As actuation assembly on BHA 22 travels downhole, it will expand into protective sleeve actuation groove 54 located in protective sleeve 52. As protective sleeve 52 begins to move downhole, valve body split ring 99 will disengage from protective sleeve downhole split ring groove 59 due to exceeding a force F10. Protective sleeve 52 will then continue to move downhole and expand into protective sleeve uphole split ring groove 58. During this movement downhole, protective sleeve 52 will drive Wedgelock 70 from upper valve seat area 62. Wedgelock 70 will shift and rotate from the closed position into the open position. After protective sleeve 52 reaches valve body shoulder limit 106 Wedgelock 70 will be contained in Wedgelock pocket 82 and will be isolated from the flow path by protective sleeve 52. Actuation tool assembly on BHA 22 exerts a force F onto the protective sleeve actuation groove downhole chamfer 57 until it exceeds a predetermined force F11, collapsing and disengaging from the protective sleeve actuation groove 54.
Spring-loaded dogs 23 on BHA 22 continue to travel downhole engaging and moving debris sleeve 50 downhole until it reaches valve body shoulder limit 106 in order to cover the downhole end of protective sleeve 52.

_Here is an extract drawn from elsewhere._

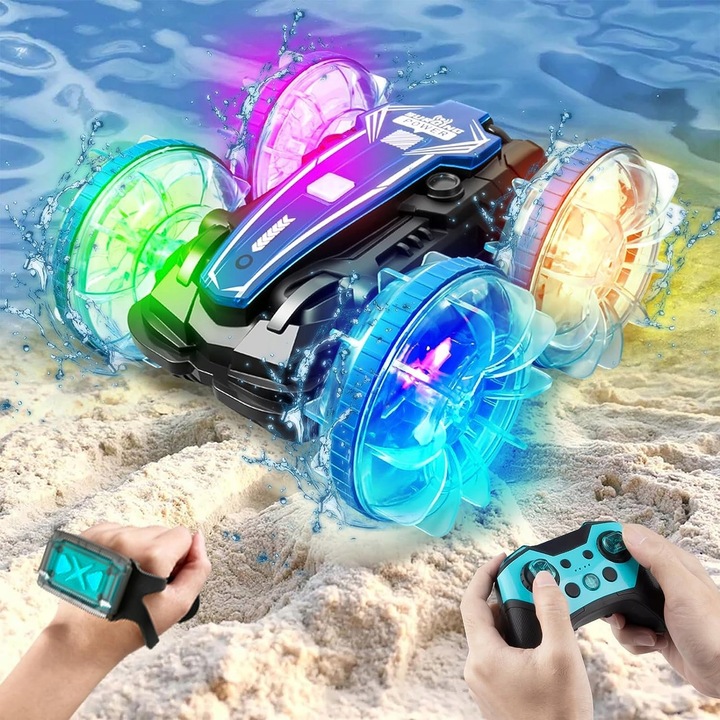 SAMOCHÓD ZDALNIE STEROWANY RC GESTAMI AMFIBIA 2 PILOTY 4x4 360° PŁYWAJĄCY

As spring-loaded dogs 23 on BHA 22 continue to travel further downhole, they expand into lower lock sleeve actuation groove 32 located in the lower lock sleeve 30. As lower lock sleeve 30 moves downhole, a force F is exerted onto the lower connection housing split ring 39 until it disengages from lower connection housing closed split ring groove 38 and expands into the lower connection housing open split ring groove 37. As lower lock sleeve 30 moves downhole it slides over the lower locking fingers 40 and forces them to collapse into open locking groove 93. Lower lock sleeve 30 moves downhole until it comes in contact with lower connection housing shoulder limit 42. Spring-loaded dogs 23 on BHA 22 start to exert a force F onto lower locking sleeve actuation groove downhole chamfer 34. When force F exceeds a predetermined limit F12, spring-loaded dogs 23 on BHA 22 collapse and disengage from lower locking sleeve actuation groove 32. The MBIV 20 is now locked into the open position.
The actuation mechanism on the drill pipe that moves the elements of the valve as the drill pipe and drill bit are moved in and out of the wellbore has been illustrated here as spring-loaded dogs 23 on the BHA 22, but it should be understood that the invention disclosed is not limited to a particular actuation mechanism. For example, the actuation mechanism on the drill pipe that exerts a force to operate the valve may be other spring-loaded or pressure-loaded mechanical arrangements or it may be hydraulically or electrically powered by other apparatus placed on the drill pipe 15 or BHA 22. A signal to operate the valve actuation mechanism or to turn off the valve actuation mechanism may be programmed into apparatus placed on the drill pipe or may be transmitted from the surface.
Although the present invention has been described with respect to specific details, it is not intended that such details should be regarded as limitations on the scope of the invention, except as and to the extent that they are included in the accompanying claims.
Claims
1. A valve for isolating pressure in a tubular located within a portion of an oil or gas well comprising:
- a housing adapted to be joined to the tubular;
- a valve element having an uphole valve surface on a top portion thereof and a downhole valve surface on a bottom surface thereof;
- a hinge mechanism for supporting the valve element;
- a first valve seat engaging the uphole valve surface of the valve element in a closed position, wherein the first valve seat is movable relative to the housing;
- a second valve seat axially movable with respect to the housing and positioned within the housing and engaging the downhole valve surface of the valve element in the closed position, thereby sealing fluid pressure in both flow directions;
- a valve body positioned within the housing and having a portion extending beyond both downhole and uphole of the valve element when the valve is in a closed position; and
- the valve body being fixedly attached to the second movable valve seat and axially movable to move the second movable valve seat into contact with the downhole valve surface on the valve element.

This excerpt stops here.